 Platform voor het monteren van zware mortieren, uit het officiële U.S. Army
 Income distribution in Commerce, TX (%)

□ □ □

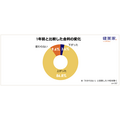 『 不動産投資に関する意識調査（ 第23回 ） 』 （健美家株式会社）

□ □ □

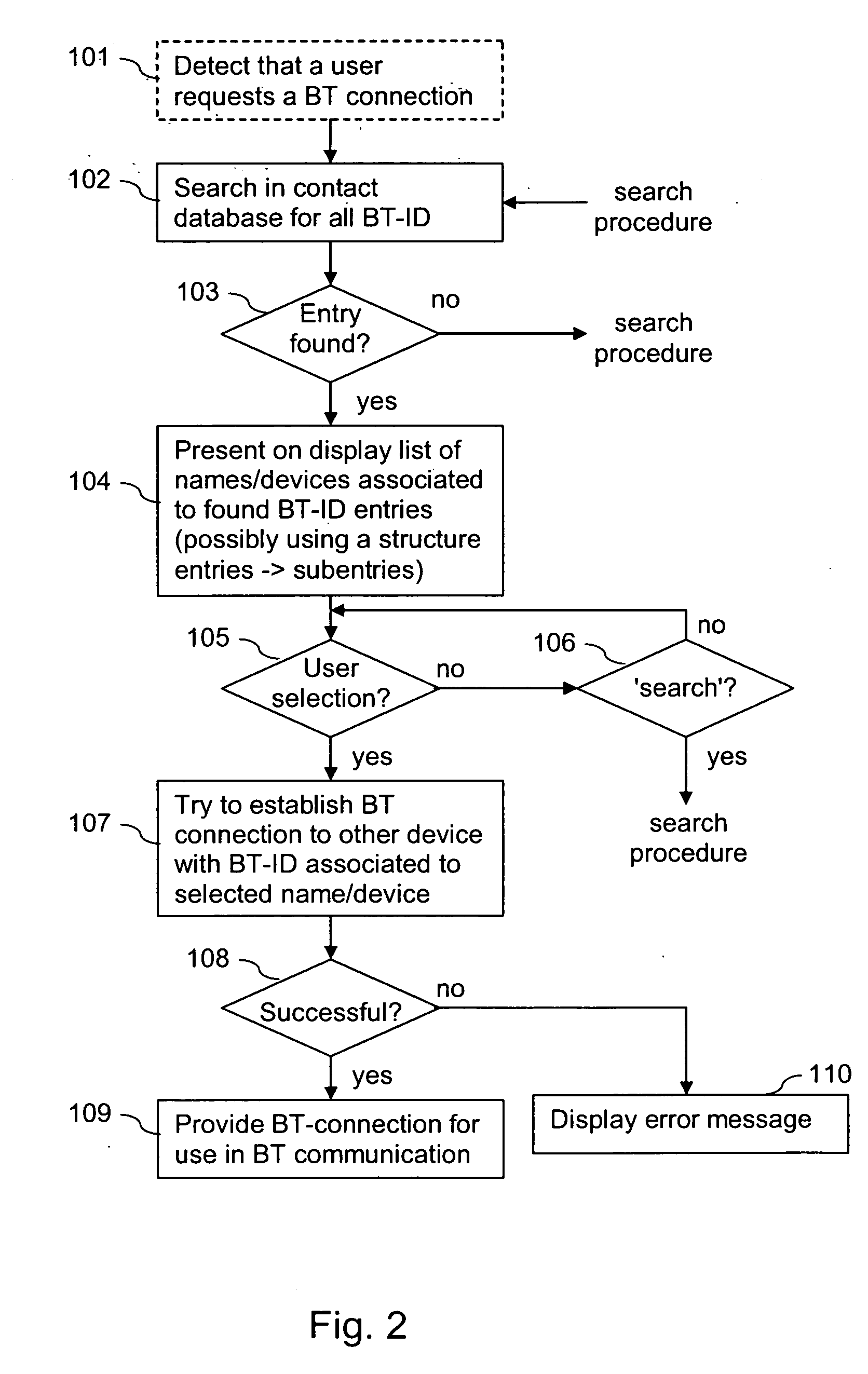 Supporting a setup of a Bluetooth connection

□ □ □

• [Work task]:
Reproduce exactly, and with no other material, the lines between those holding "Platform voor het" and "Income distribution in Commerce, TX (%)", inclusive.

• [Problem solution]:
 Platform voor het monteren van zware mortieren, uit het officiële U.S. Army
 Income distribution in Commerce, TX (%)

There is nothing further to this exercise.